[Opening Extracted entries section]
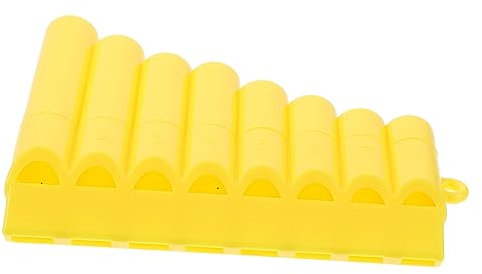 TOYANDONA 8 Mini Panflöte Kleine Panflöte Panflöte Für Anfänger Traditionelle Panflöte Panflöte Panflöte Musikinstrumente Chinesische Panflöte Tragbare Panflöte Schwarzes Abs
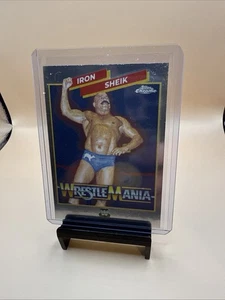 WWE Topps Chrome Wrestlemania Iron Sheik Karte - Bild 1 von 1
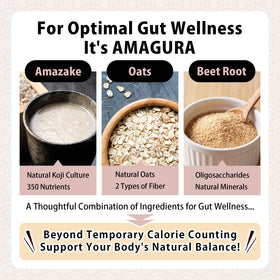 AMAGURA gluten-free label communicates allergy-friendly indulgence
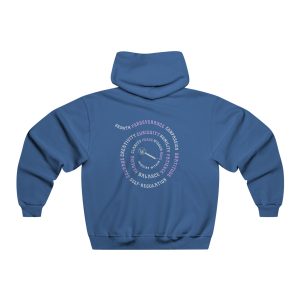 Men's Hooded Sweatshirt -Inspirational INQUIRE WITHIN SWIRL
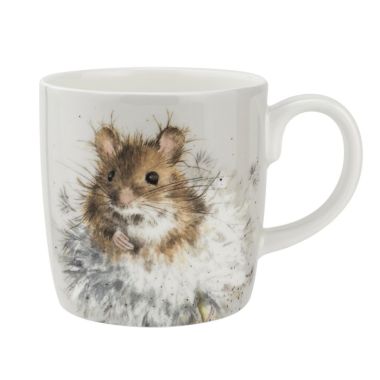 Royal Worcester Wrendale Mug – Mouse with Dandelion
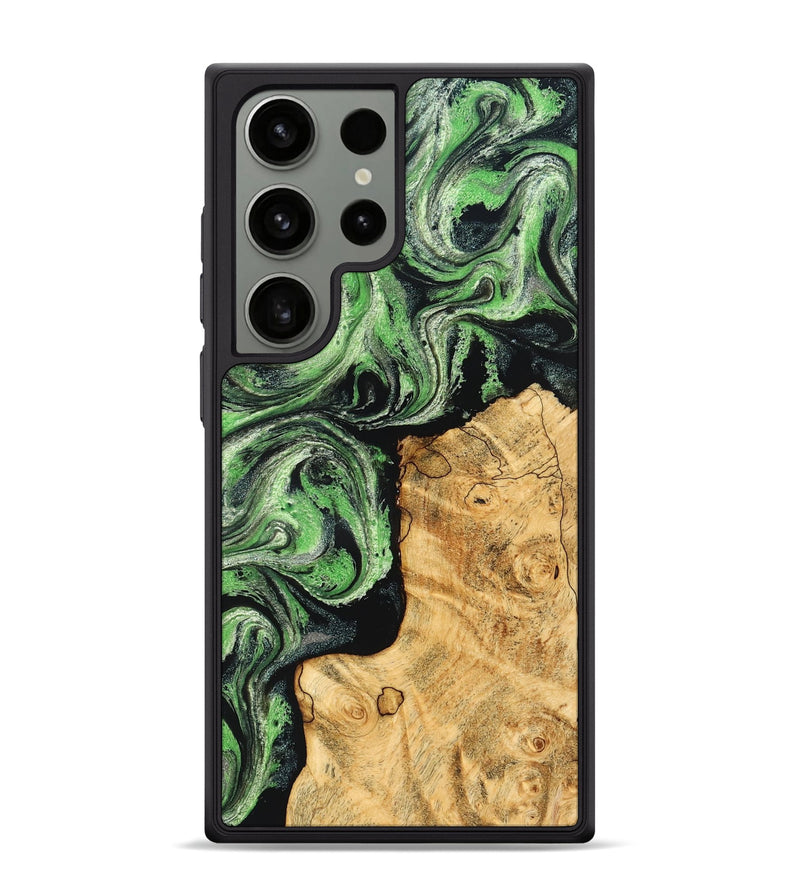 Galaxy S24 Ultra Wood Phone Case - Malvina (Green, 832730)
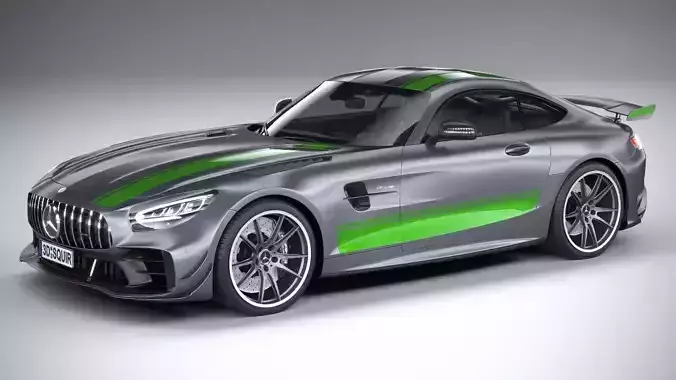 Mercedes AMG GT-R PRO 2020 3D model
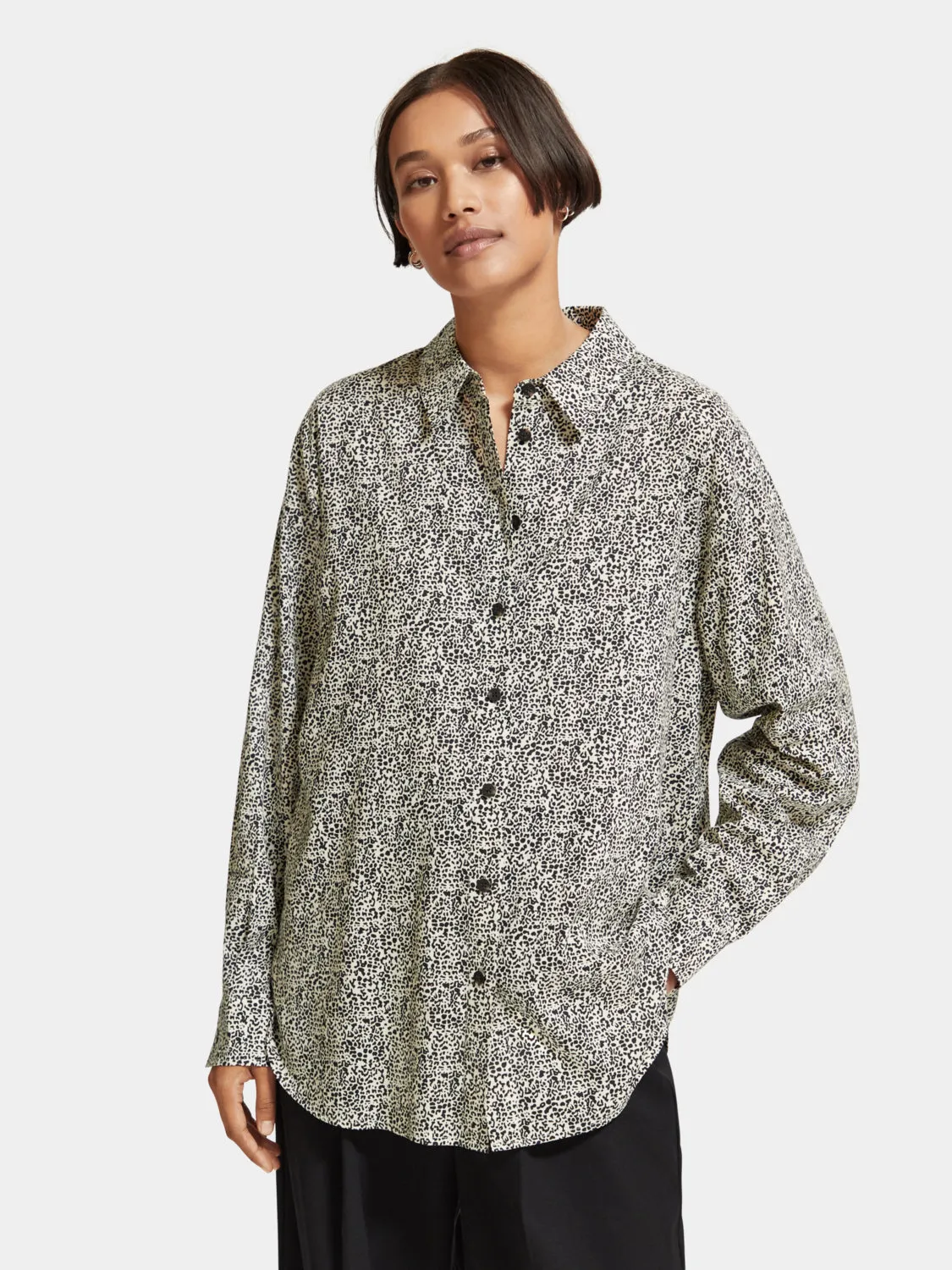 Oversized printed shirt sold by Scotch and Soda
[Closing Extracted entries section]
Start at the first line and set down all of the data exactly, passing over the pictures.

 TOYANDONA 8 Mini Panflöte Kleine Panflöte Panflöte Für Anfänger Traditionelle Panflöte Panflöte Panflöte Musikinstrumente Chinesische Panflöte Tragbare Panflöte Schwarzes Abs
 WWE Topps Chrome Wrestlemania Iron Sheik Karte - Bild 1 von 1
 AMAGURA gluten-free label communicates allergy-friendly indulgence
 Men's Hooded Sweatshirt -Inspirational INQUIRE WITHIN SWIRL
 Royal Worcester Wrendale Mug – Mouse with Dandelion
 Galaxy S24 Ultra Wood Phone Case - Malvina (Green, 832730)
 Mercedes AMG GT-R PRO 2020 3D model
 Oversized printed shirt sold by Scotch and Soda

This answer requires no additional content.